In the third quarter, as the need for emergency liquidity receded, the top 25 S&P companies dumped cash and cash equivalents (CCE) and raised securities holdings. In particular, cash declined by $24.5 billion and securities holdings went up by $26 billion.

In year-to-date terms, cash rose by $69 billion, while securities holdings went up by $81 billion making a total change in investments of $150 billion among these companies.

Cash & cash equivalent and securities holdings

But with interest rates at record lows, the purchases have led to the drop in returns on investment holdings at these companies.

EuroFinance calculated the effective interest rate by dividing annualised net interest income and with average cash and securities holdings between two periods. Anthem, Coca-Cola, Humana and Intel have managed to maintain their effective interest rates well above two per cent. Coca-Cola till last year had its 94% holdings held outside the US, stopped reporting about these investments since Q1.

Change in effective interest rate 2019 2020

Semiconductor company Qualcomm was the biggest loser in terms of effective interest rates managing to post merely 0.01% versus 4.2% in 2019.

The largest change in cash holdings was observed in drugmaker Pfizer which went up from $2billion in 2019 to $13.8 billion at the end of Q3 2020. The major chunk of it came in the form of money market funds which increased from $750 million to $12.2 billion. The company also experienced a jump in its debt by $10.9 billion in the same period.

Change in investment holdings from 2019 to q3 2020

In terms of securities, retail giant Amazon’s holdings went up $18.9 billion to $38.4 from 2019 to Q3 2020, of which major change was seen in corporate bond holdings by $7.3 billion and foreign government bond holdings by $5.5 billion. Meanwhile for Johnson & Johnson, government holdings went up by $8.6 billion. Oracle also saw its corporate bond holdings up by $7.9 billion and at the same time increase in debt by $19.1 billion.

The mean interest income earned at the 25 companies so far in 2020 is $565 million compared with $837 million in 2019. In terms of mean CCE holdings, it was $14.9 billion against $12.1 billion in 2019 while in same period, securities holdings were $26.7 billion against $23.4 billion.

There is a strong positive correlation between the ratio of securities to cash at each company and its investment returns.
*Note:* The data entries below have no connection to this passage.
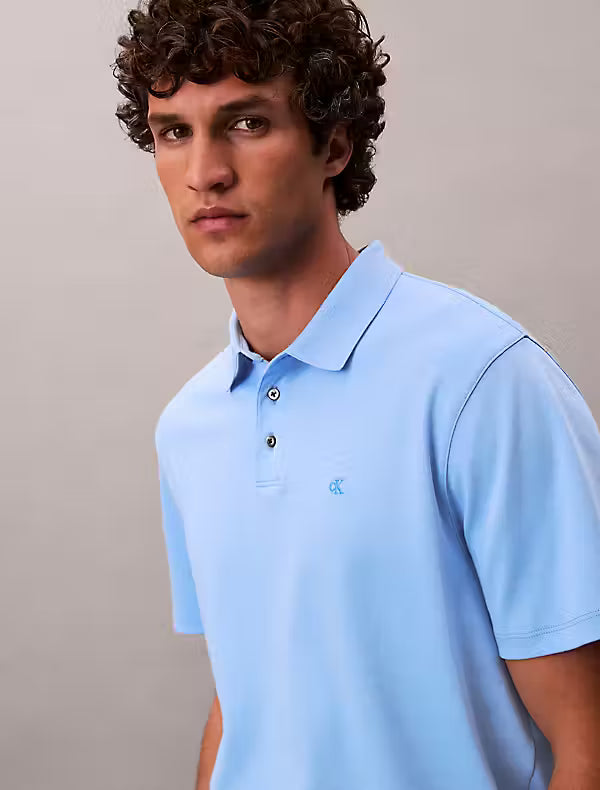 Calvin Klein Supima Cotton Polo. Man wearing a blue Calvin Klein polo on a grey background - Matt O'Brien Fashions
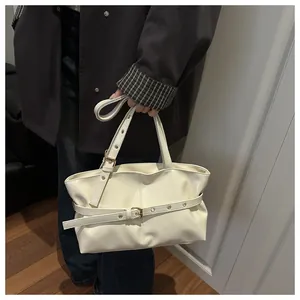 Detail of oil wax leather shoulder bag in cream with decorative metal eyelet strap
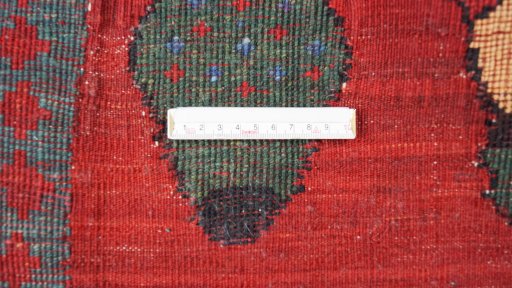 Backside of handmade New Kilim Gabbeh rug showing knot structure and weave density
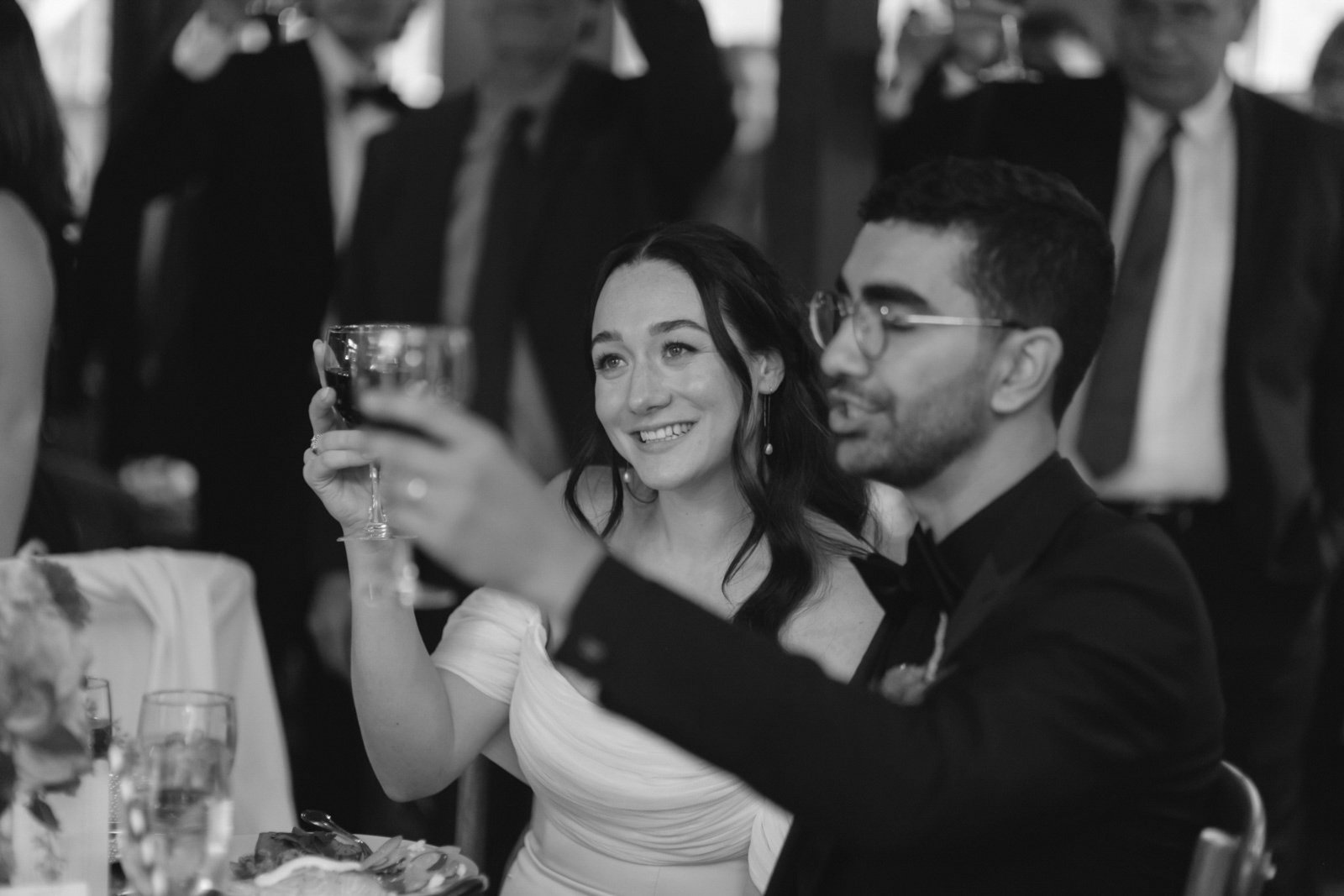A woman in a wedding dress and a man in a tuxedo with glasses are celebrating at a wedding reception, raising glasses for a toast.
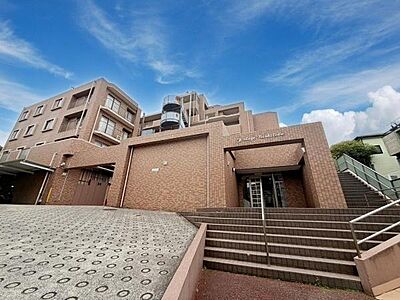 外観：落ち着いた色合いの外観が印象的な建物です。段差の少ないアプローチが特徴です。重厚感のあるつくりが安心感を与えます。階段やスロープで動線も確保されています。周辺の景観に調和した外観です。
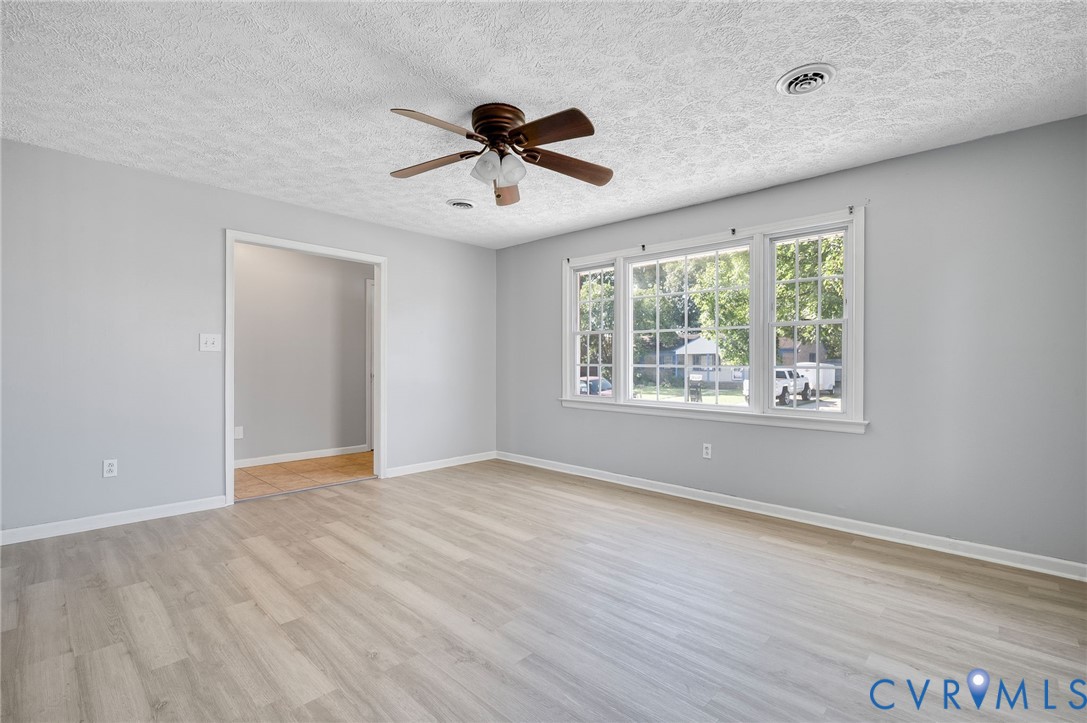 Light wood-finish flooring, white trim, and a ceiling fan with integrated lighting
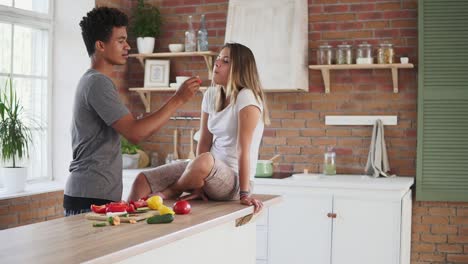 Toma-En-Cámara-Lenta-De-Una-Atractiva-Pareja-Multiétnica-Charlando-En-La-Cocina-Temprano-En-La-Mañana.-Hombre-Guapo-Alimentando-A-Su-Esposa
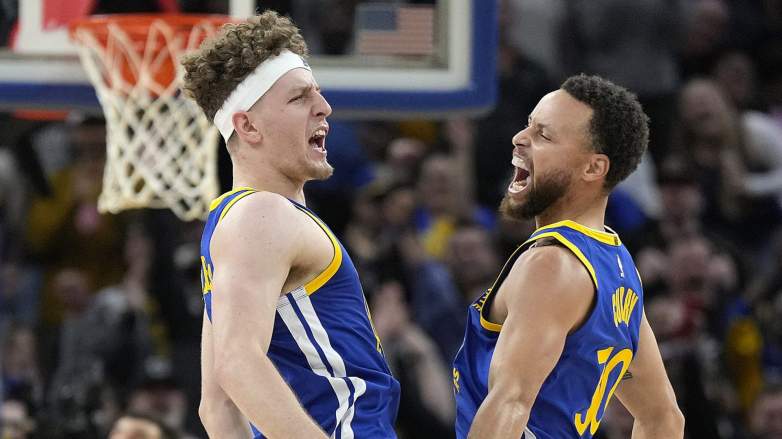 Warriors superstar Steph Curry celebrates with Brandin Podziemski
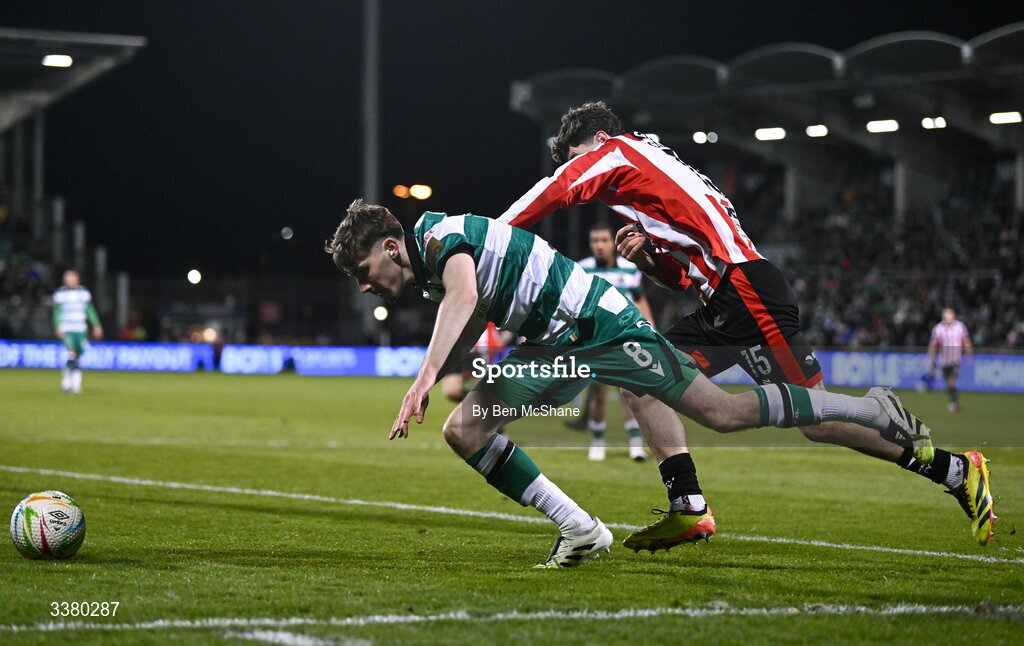 6 March 2026; Matt Healy of Shamrock Rovers is fouled by James Clarke of Derry City during the SSE Airtricity Men's Premier Division match between Shamrock Rovers and Derry City at Tallaght Stadium in Dublin. Photo by Ben McShane/Sportsfile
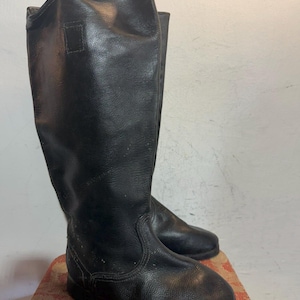 Puede incluir: Un par de botas negras hasta la rodilla con acabado texturizado, punta redondeada, tacón bajo y costuras visibles a lo largo del pie y la caña. Las botas presentan una silueta alta y estructurada que llega hasta la zona de la pantorrilla.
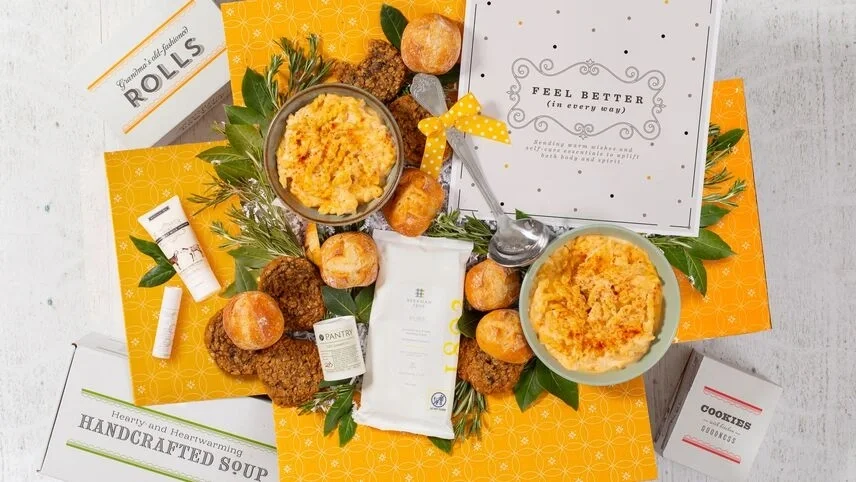 Overhead view of a care package arrangement featuring bowls of macaroni and cheese, rolls, cookies, soup packaging, wellness items, greenery, and a “Feel Better” card displayed on a yellow patterned background.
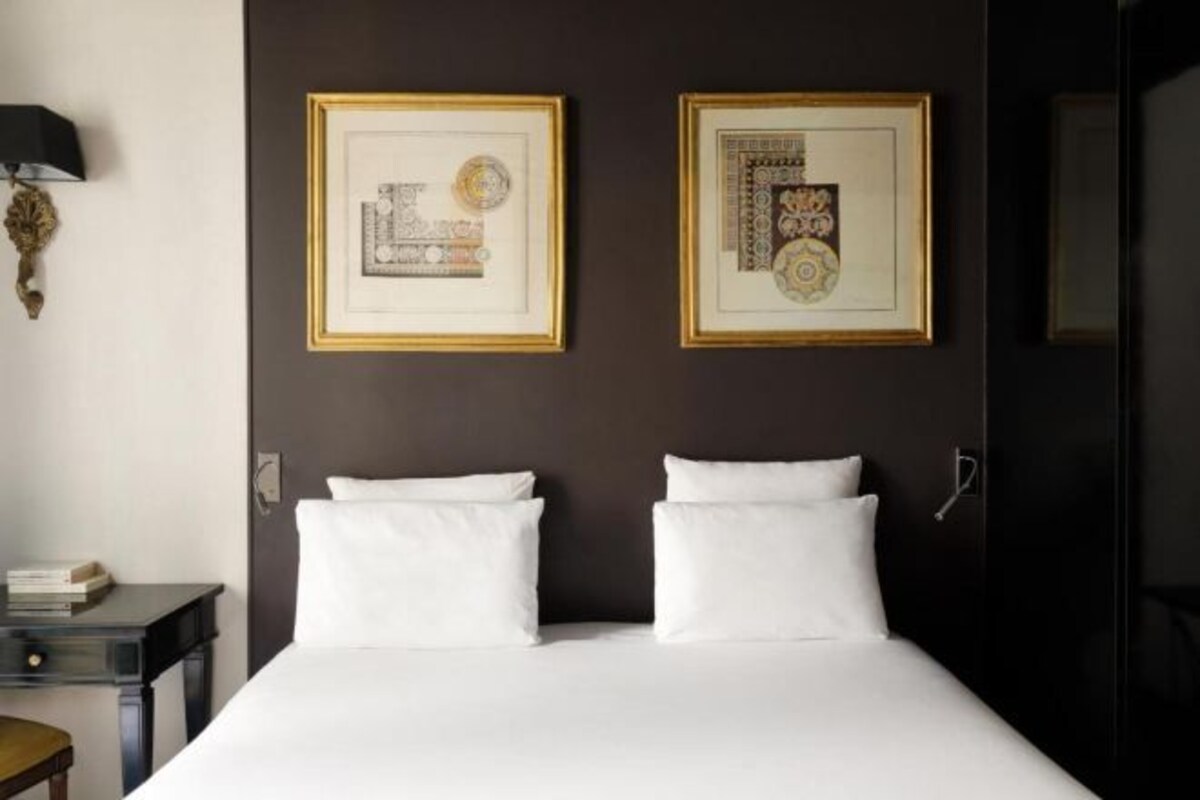 A hotel room with a bed, two framed artworks on the wall, a nightstand, and a lamp.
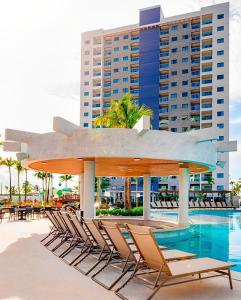 - un groupe de chaises et une piscine dans un complexe dans l'établissement Salinas Exclusive Resort, à Salinópolis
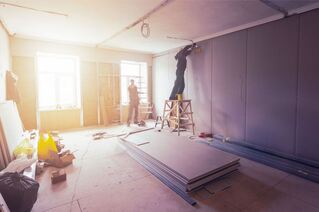 Men installing drywall in an apartment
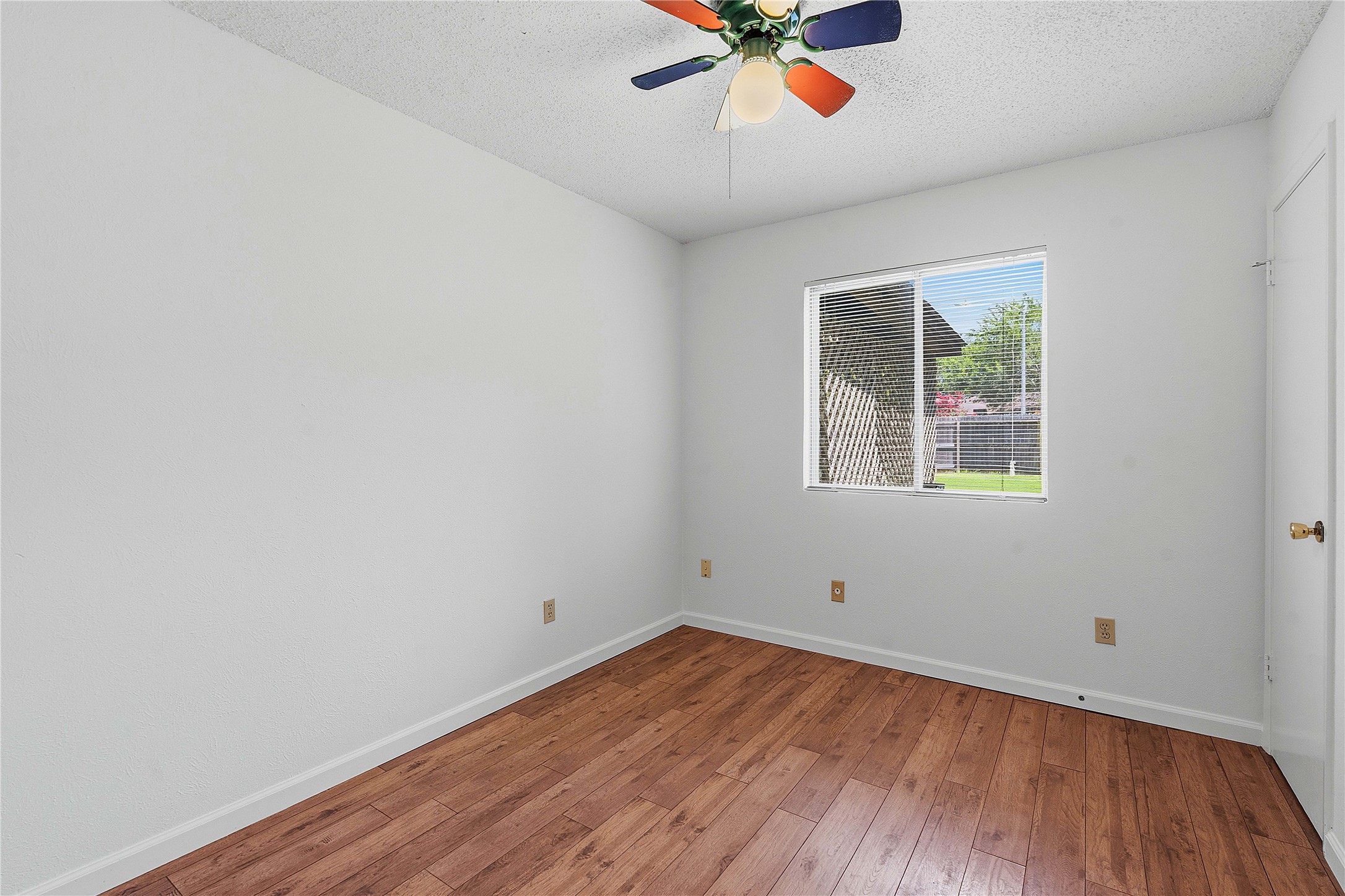 6205 Shadow Bend Austin, TX 78745 - Photo 23 of 31 Hardwood-style flooring extends across this bright, versatile bedroom, ready for personalization.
Doubling this ratio increases the effective interest rate by an average of one percentage point, the data shows.

Relationship between the ratio of cash to securities with investment returns

Tech company shift

The biggest tech companies by market capitalisation – Apple, Microsoft, Facebook, Alphabet and Amazon – have seen their global dominance reinforced by the pandemic. These companies, which hold 56% of total investments among top 25 S&P companies, have seen a shift in their investment patterns. Placing a lower priority on liquidity, the tech giants led by Amazon and Facebook have decisively switched from cash to securities.

Up until 2019, tech companies were boosting their holdings by money market funds but since the start of year and pandemic, they have shunned away from such investments as well as deposits. Collectively tech companies dumped $13 billion of money market funds, of which Apple accounted for $9 billion.

In Q3 2020, tech companies raised their government and corporate bond holdings by $30 billion and $11 billion respectively. The share of government and corporate bonds of the tech companies at the end of Q3 represented 72% of their entire investment holdings.

Securities holdings at tech companies

The lower investment returns seen this year can be attributed to a large dip in yields and rates in capital markets and accumulation of debt on balance sheets.

At the start of the year, these top 25 S&P companies had $742.2 billion of short and long term debt which increased by 16% at the end of the third quarter to $863 billion.  After seeing a massive dip at the start of the pandemic, bond yields slowly increased in Q2 2020 and Q3 2020, but are still far below their pre-pandemic levels.